Erika, an almost 90-year-old woman from Frankfurt-Bonames, said, “I am very moved by this. It recalls a time I am reluctant to remember.” She told about how she had experienced the bombing. “For a time, we had to get up every night, mother and four children, and we were looking for shelter under the railroad lines that led to Friedberg. Soldiers had built a dugout there. The bunkers were all full.”
Then she told of an experience she had as a student on the way home from Preungesheim to Bonames. “Suddenly, someone grabbed me from behind and pulled me into the ditch that zigzagged along the road. It was a soldier who saved me from the low-flying aircraft. Otherwise I would have been shot.”

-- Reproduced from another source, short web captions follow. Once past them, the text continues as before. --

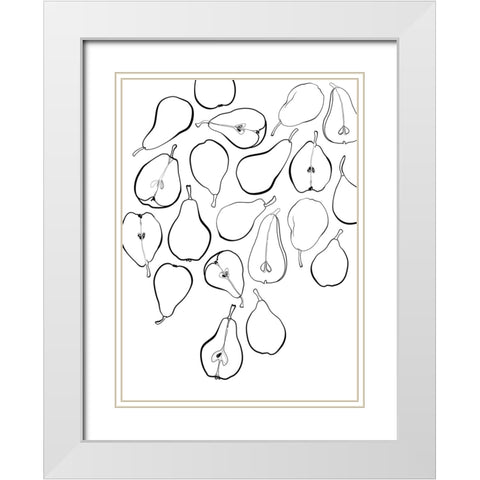 Line art pears White Modern Wood Framed Art Print with Double Matting by Laiz Blursbyai, Rosana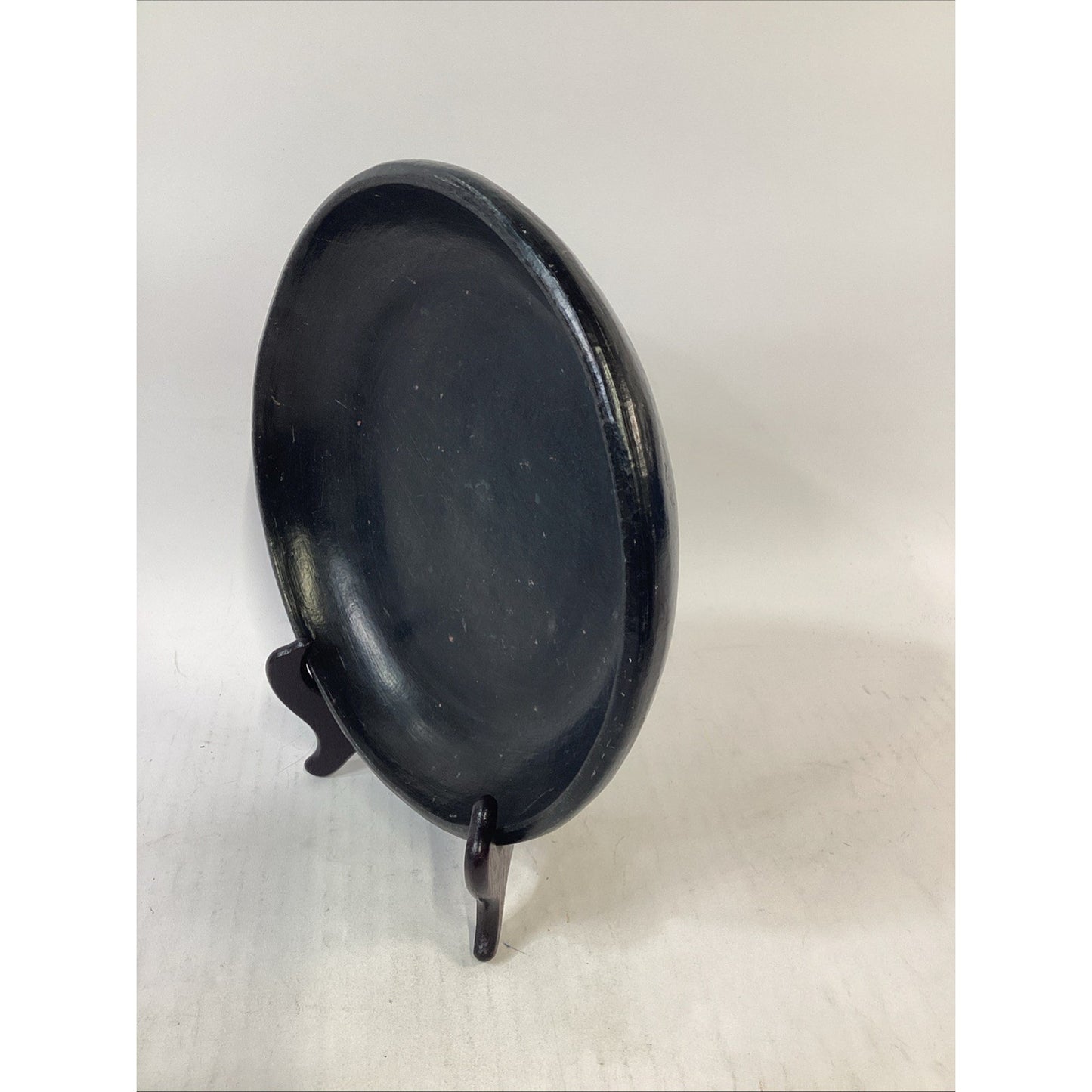 Antique Black Papier Mache Pressed Paper Pulp Ware Decorative Bowl Plate - 9”D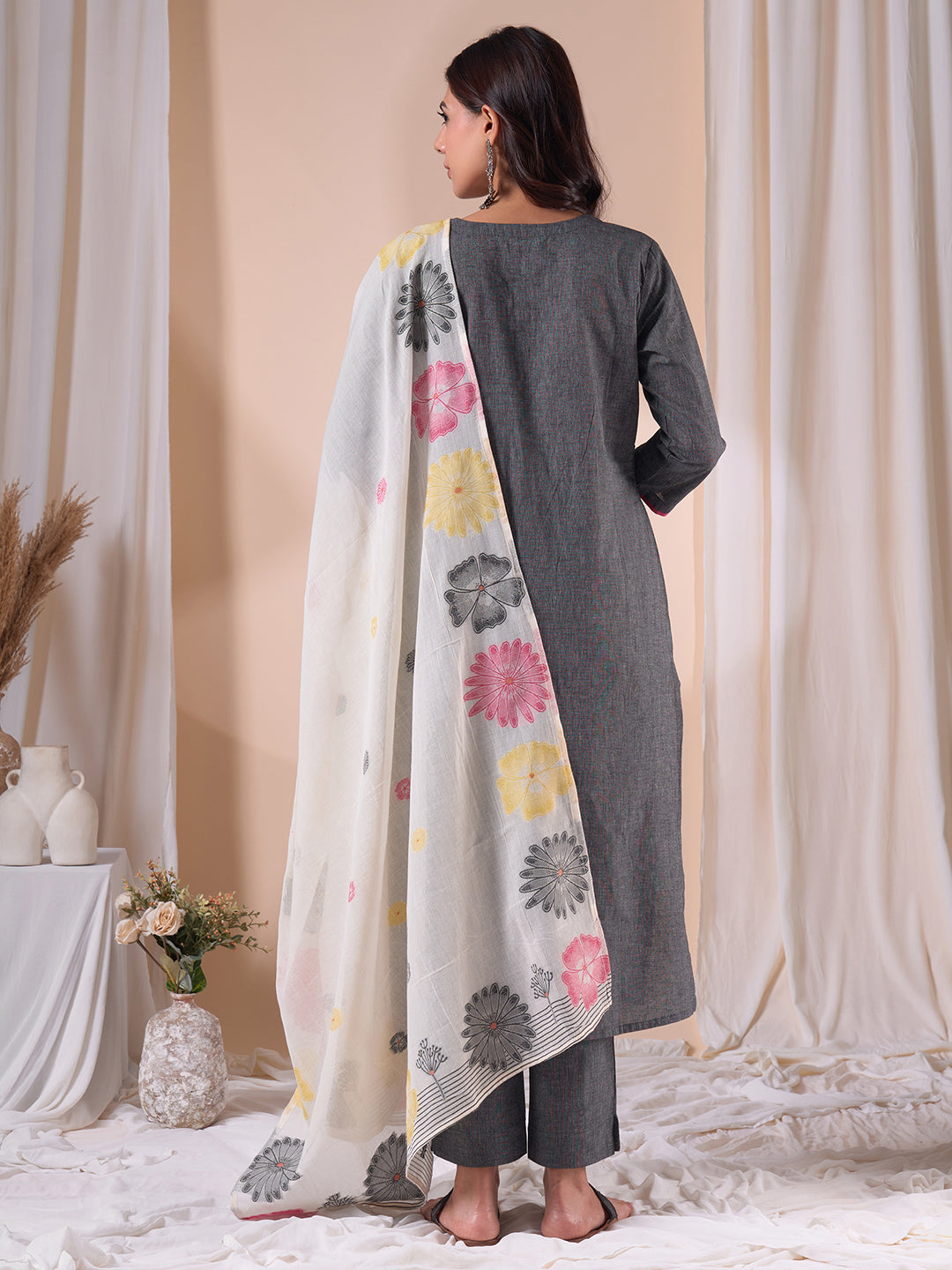 Straight Fit Textured Kurta Set with Floral Embroidery, Plain Pants & Printed Dupatta.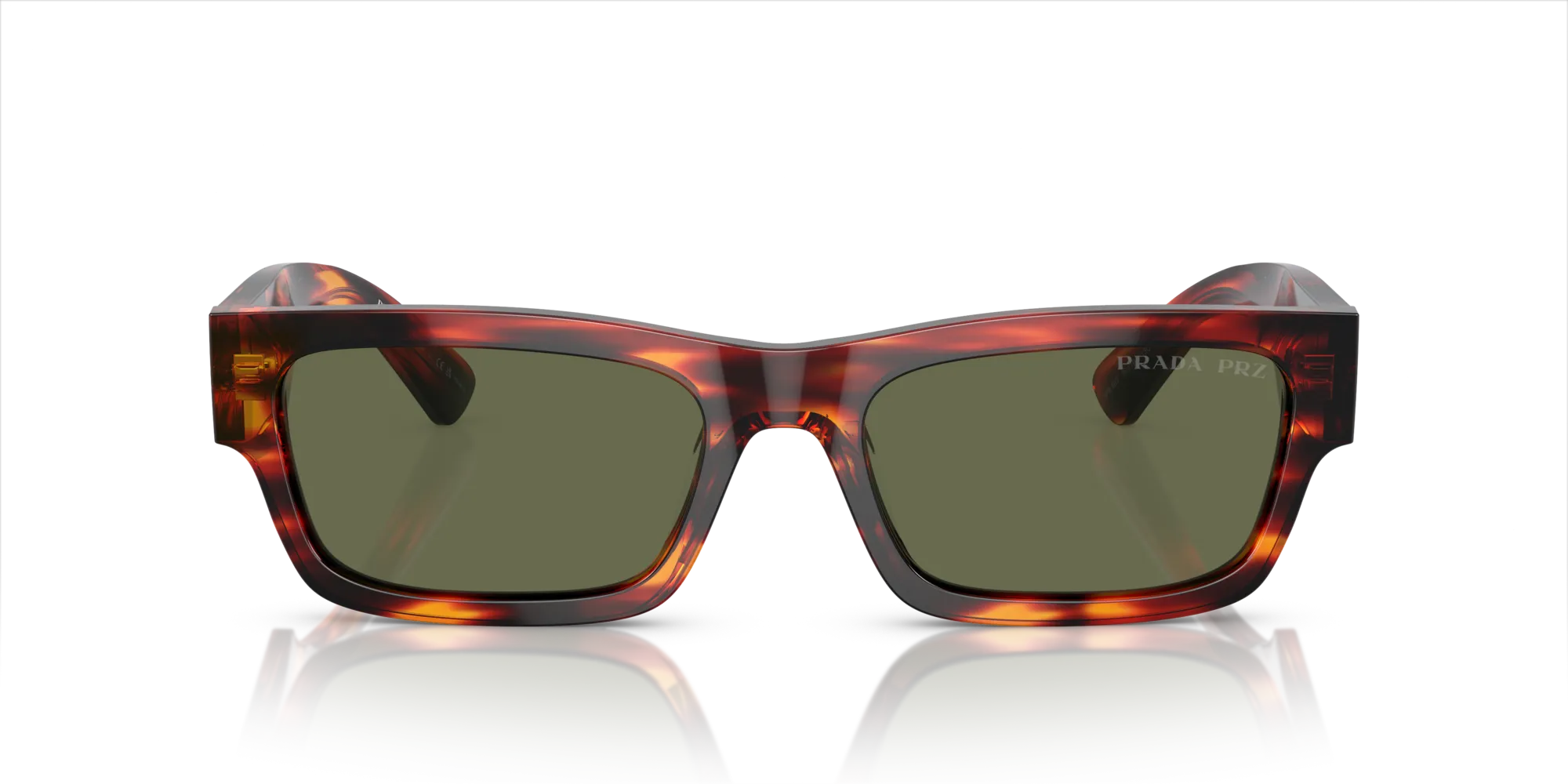Prada PR A03S 13O03R Occhiali da sole Acetato Marrone Verde Squadrata Polarizzata - immagine 3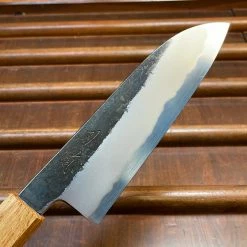 Fukui Hado Sumi 165mm Santoku Shirogami #2 Kurouchi Finish - Burnt Oak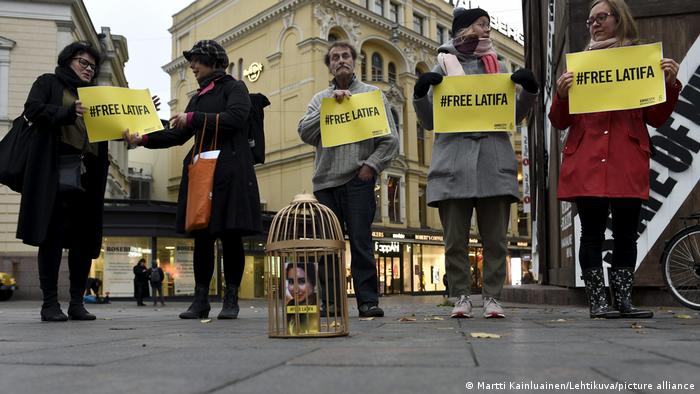Protesters gather in Helsinki with posters demanding to free Latifa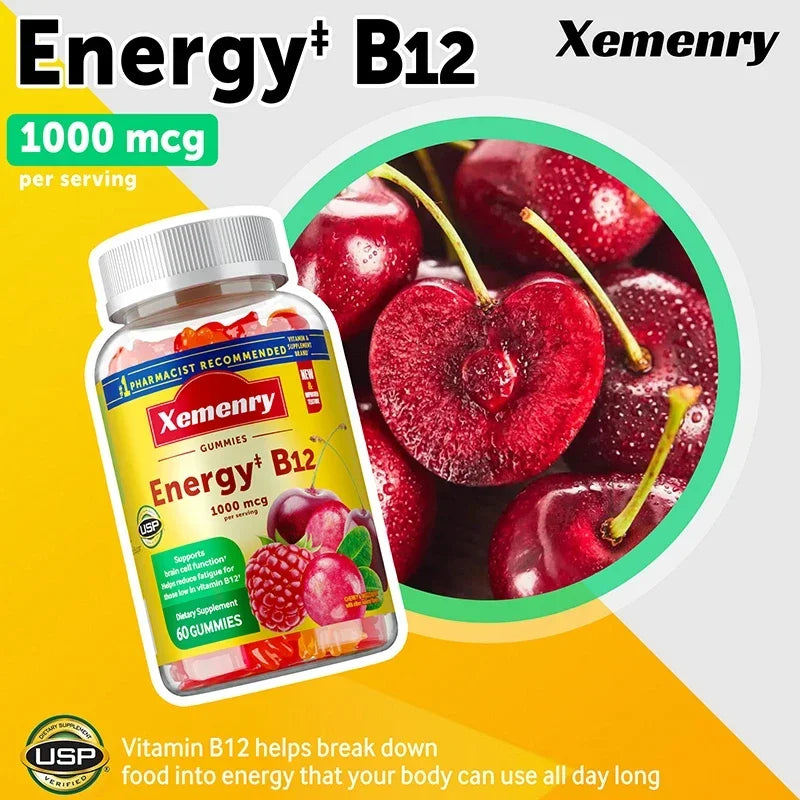 Vitamin B12 Gummies - It Helps Maintain Energy, Boosts Metabolism, and Supports Bones and The Immune System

Asked what she thought about the present situation, Erika said, “What we had been through, I don't wish that on young people today. At the end of the war, everything was destroyed. We were hungry and I was not allowed to train for a real job because we had so many small siblings.”
Finally, we met Dr. Beatrix Heintze, who is currently confined to a wheelchair because of an ankle fracture. She confirmed that many elderly people had been strongly reminded of the bombings in the war, which she had also witnessed.
“I myself experienced this from a distance, but very intensively,” she said, “because my own grandfather was in the opposition to Hitler.” As it turned out, her grandfather was Walter Cramer, a friend of Carl Friedrich Goerdeler, one of the leaders of the July 20, 1944 resistance plot against Hitler. Like him, Cramer was also executed in Berlin-Plötzensee.
Dr. Heintze has written several books about him. “At that time, Cramer was chairman of a textile factory, the Stöhr & Co. worsted yarn spinners in Leipzig, and he was one of the few in business who actively campaigned for the Jews.” After the fall of the Berlin Wall in 1990, she gained access to sources in the former East Germany. And, as she reported, her publications contributed to the erecting of a monument to Cramer in Leipzig.
Her father had also been in the opposition to Hitler, she continued. “This whole history strongly influenced me,” she said. All these things were now alive again.
We told Dr. Heintze that professors such as Jörg Baberowski at Humboldt University now officially declared that “Hitler was not vicious,” and that newsweekly Der Spiegel spreads such views uncritically. She was quite horrified. “I have not heard of that before,” she said. “But that really cannot be said now. Hitler might not have carried out any cruelty personally, but his whole policy was inhuman and cruel.”
She said, “I am worried about the tone that has entered politics with the election of Trump in America or with the [far right] Alternative for Germany here.”